→ **Materials provided**:
=======

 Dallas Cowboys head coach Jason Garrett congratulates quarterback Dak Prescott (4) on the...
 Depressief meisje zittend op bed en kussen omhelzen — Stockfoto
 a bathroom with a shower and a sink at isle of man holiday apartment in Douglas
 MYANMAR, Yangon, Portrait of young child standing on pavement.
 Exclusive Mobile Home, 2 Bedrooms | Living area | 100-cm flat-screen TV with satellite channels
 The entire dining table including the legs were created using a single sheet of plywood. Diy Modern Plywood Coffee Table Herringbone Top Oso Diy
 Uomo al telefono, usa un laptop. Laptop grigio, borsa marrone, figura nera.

=======

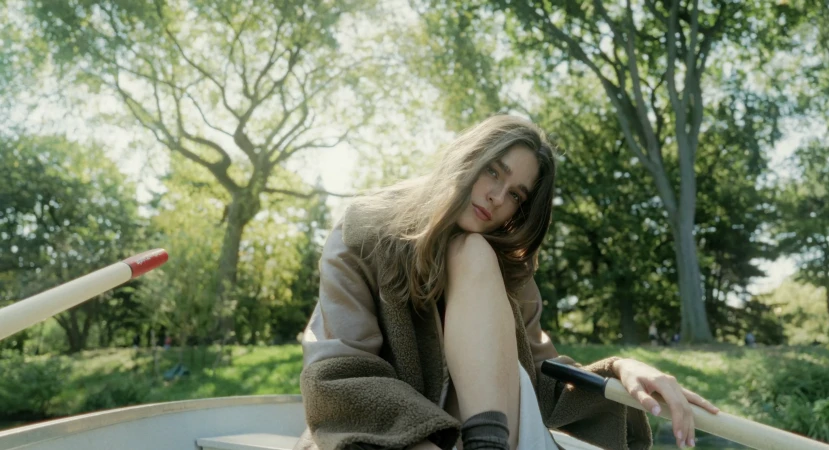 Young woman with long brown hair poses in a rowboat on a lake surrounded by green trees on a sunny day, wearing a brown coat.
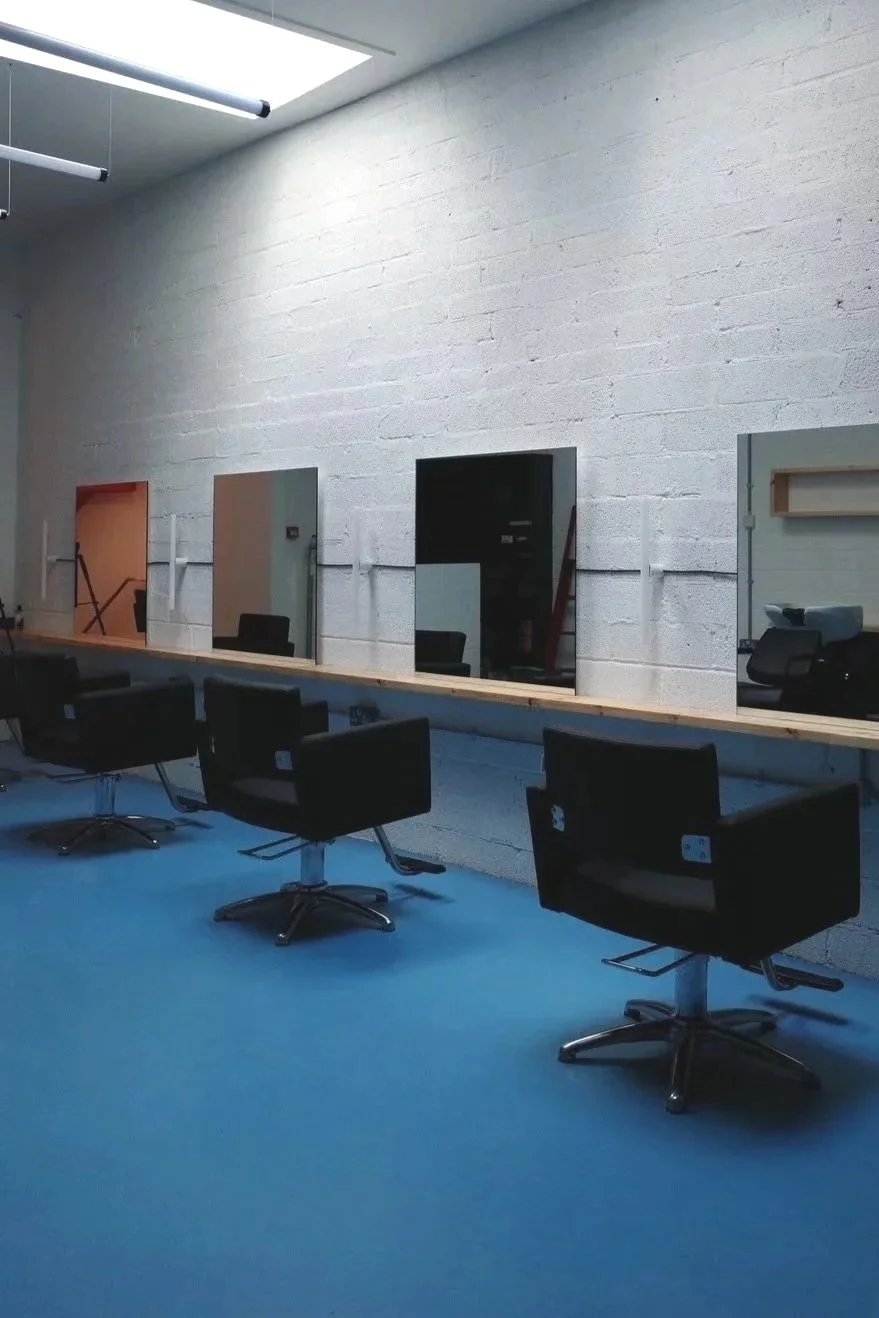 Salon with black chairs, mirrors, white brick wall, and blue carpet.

=======

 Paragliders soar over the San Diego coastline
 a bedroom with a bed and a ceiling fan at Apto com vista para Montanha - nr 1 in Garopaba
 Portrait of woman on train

=======

→ **What you have to do**: Number of lines with the string "Portrait" in the data above: report this figure and nothing more.

→ **Task answer**: 2